WORK TO BE COMPLETED:
Exact copy, pictures excluded: please retype the lines from the start of the material through the line containing "Coventry vs Monaco prediction", both ends included, and nothing more.

================================

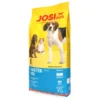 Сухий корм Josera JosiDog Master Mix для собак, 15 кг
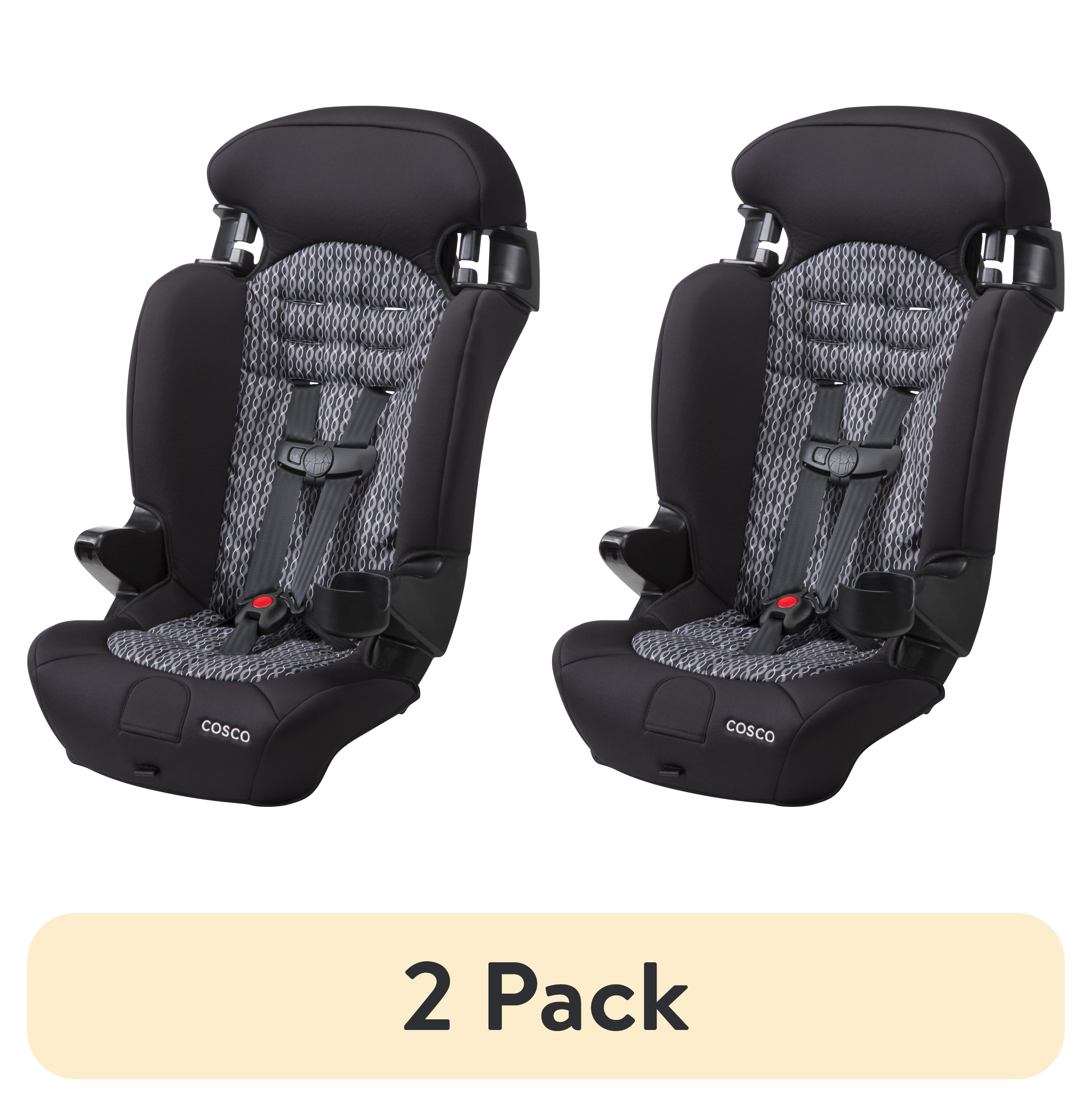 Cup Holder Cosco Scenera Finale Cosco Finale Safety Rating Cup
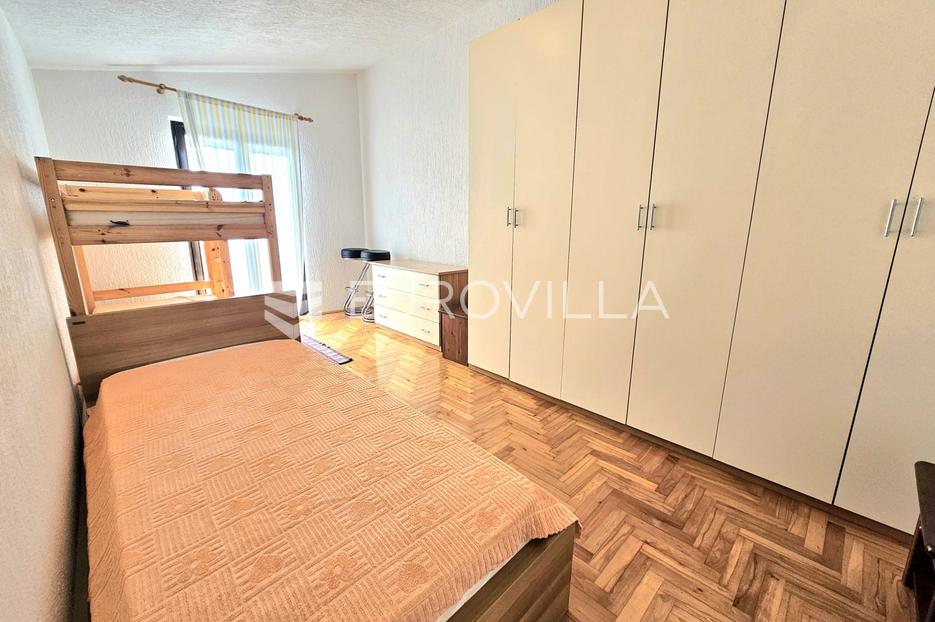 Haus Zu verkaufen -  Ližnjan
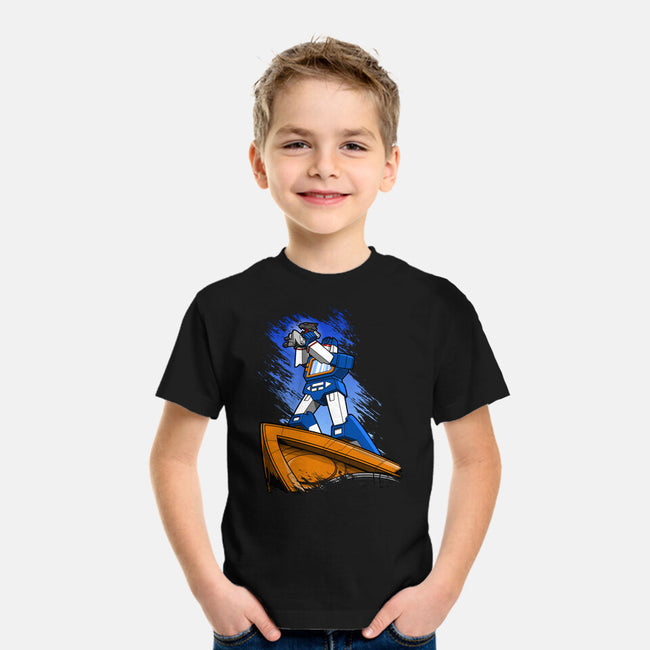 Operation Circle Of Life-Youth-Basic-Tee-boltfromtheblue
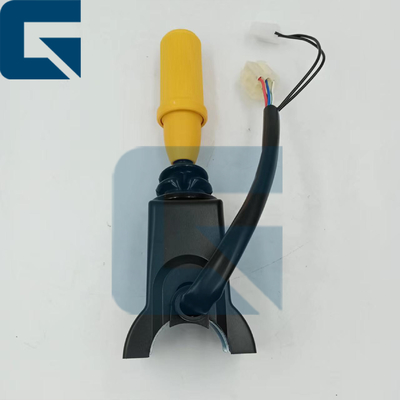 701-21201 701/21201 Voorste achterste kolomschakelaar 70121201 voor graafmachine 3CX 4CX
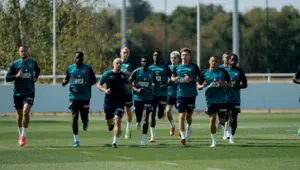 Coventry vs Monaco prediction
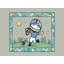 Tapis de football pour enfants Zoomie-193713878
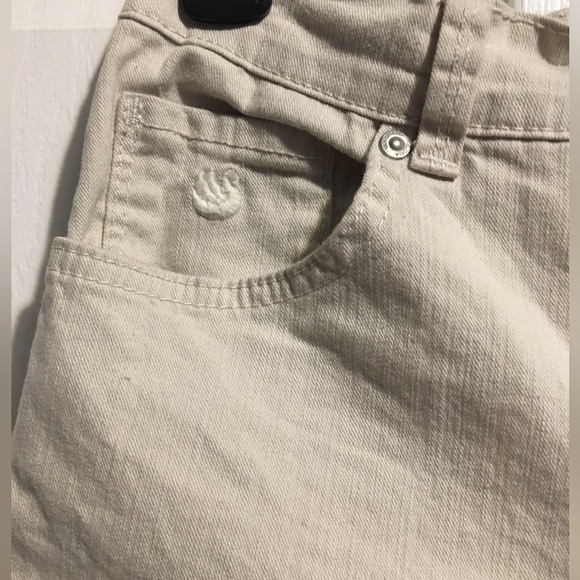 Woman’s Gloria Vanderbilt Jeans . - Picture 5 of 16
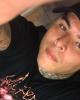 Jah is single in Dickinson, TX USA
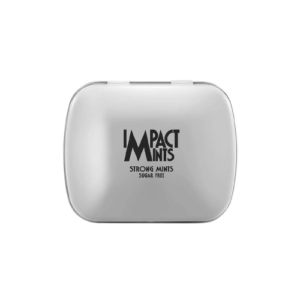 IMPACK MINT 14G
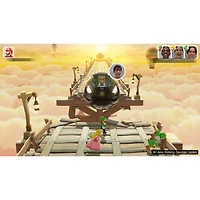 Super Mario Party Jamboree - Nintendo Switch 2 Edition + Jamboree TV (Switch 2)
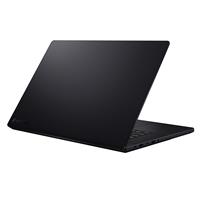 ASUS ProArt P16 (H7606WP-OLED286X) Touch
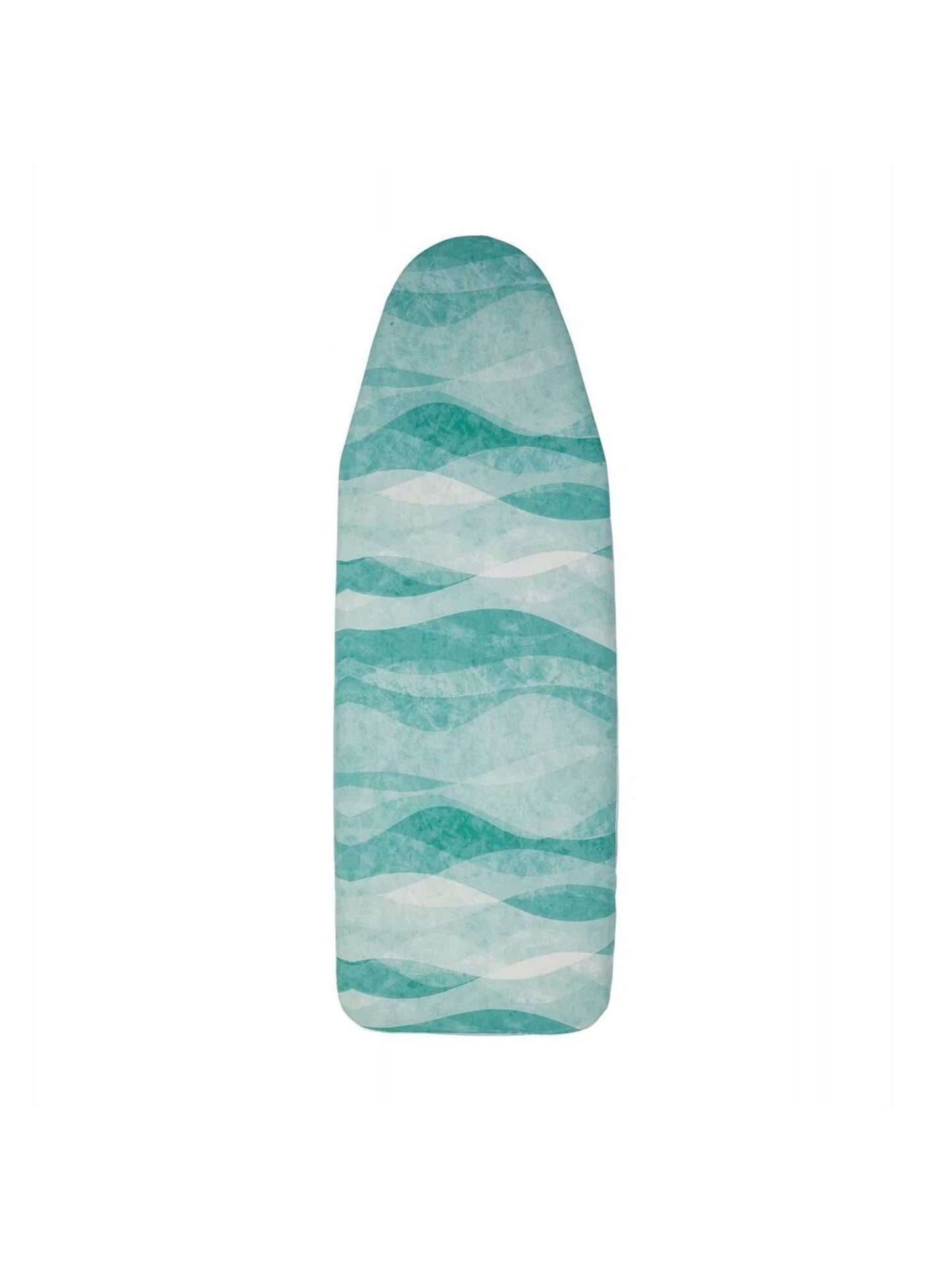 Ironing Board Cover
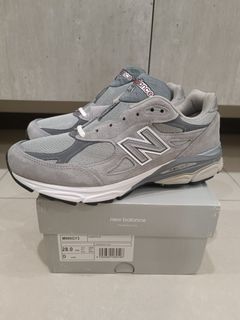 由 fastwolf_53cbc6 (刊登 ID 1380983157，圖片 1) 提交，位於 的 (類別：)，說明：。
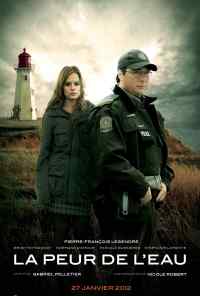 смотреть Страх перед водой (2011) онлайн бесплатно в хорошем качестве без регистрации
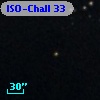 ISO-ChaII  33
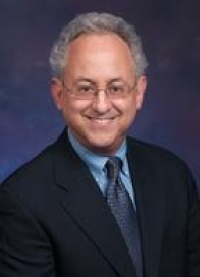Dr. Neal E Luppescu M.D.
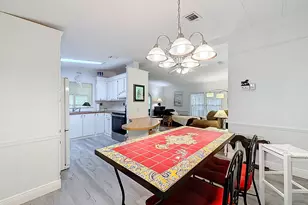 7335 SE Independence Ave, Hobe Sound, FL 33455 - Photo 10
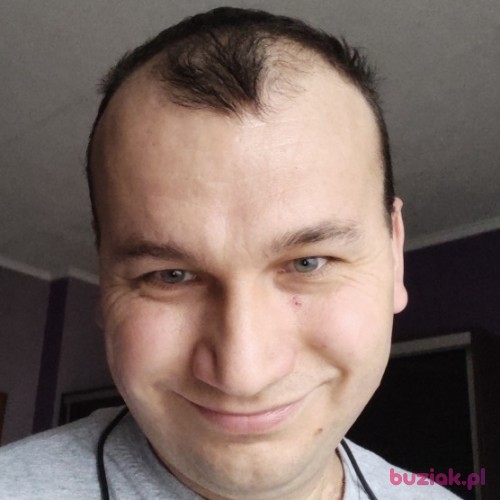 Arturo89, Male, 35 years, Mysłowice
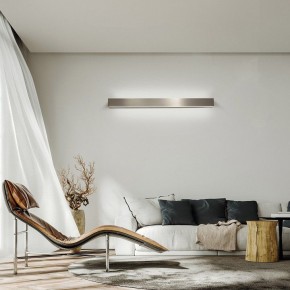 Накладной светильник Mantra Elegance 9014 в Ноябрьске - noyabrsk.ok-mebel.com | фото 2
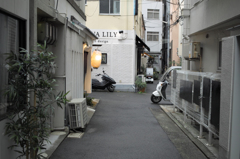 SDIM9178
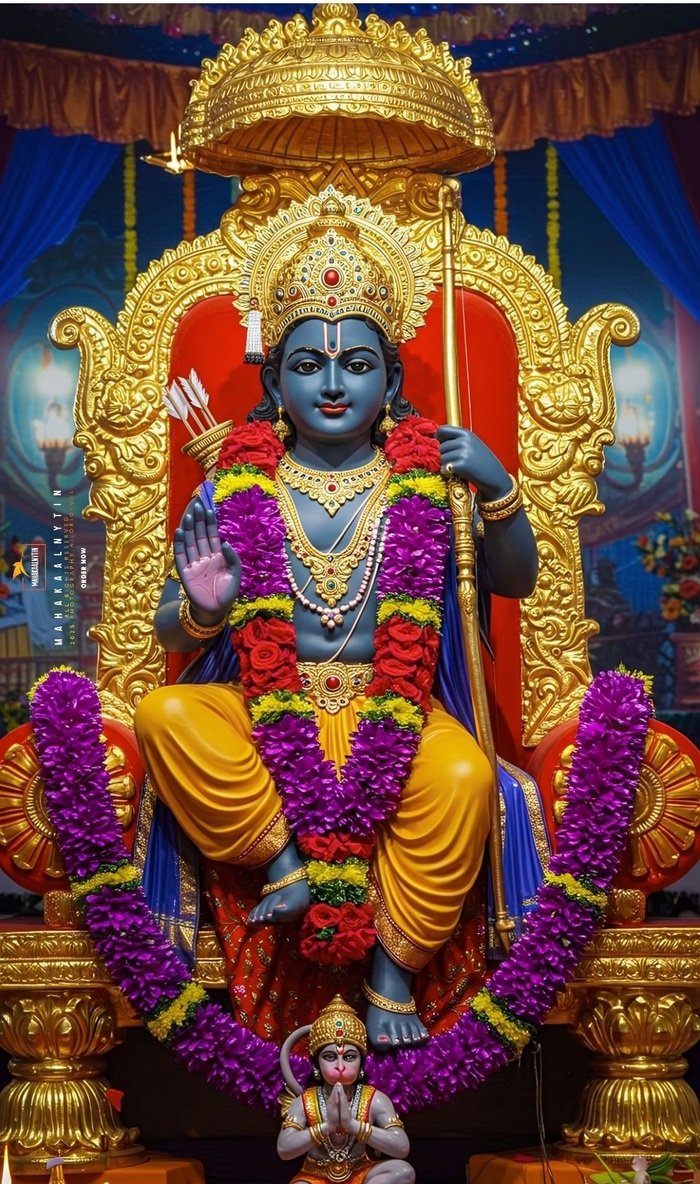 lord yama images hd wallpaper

================================

YOUR RESPONSE:
 Сухий корм Josera JosiDog Master Mix для собак, 15 кг
 Cup Holder Cosco Scenera Finale Cosco Finale Safety Rating Cup
 Haus Zu verkaufen -  Ližnjan
 Operation Circle Of Life-Youth-Basic-Tee-boltfromtheblue
 701-21201 701/21201 Voorste achterste kolomschakelaar 70121201 voor graafmachine 3CX 4CX
 Coventry vs Monaco prediction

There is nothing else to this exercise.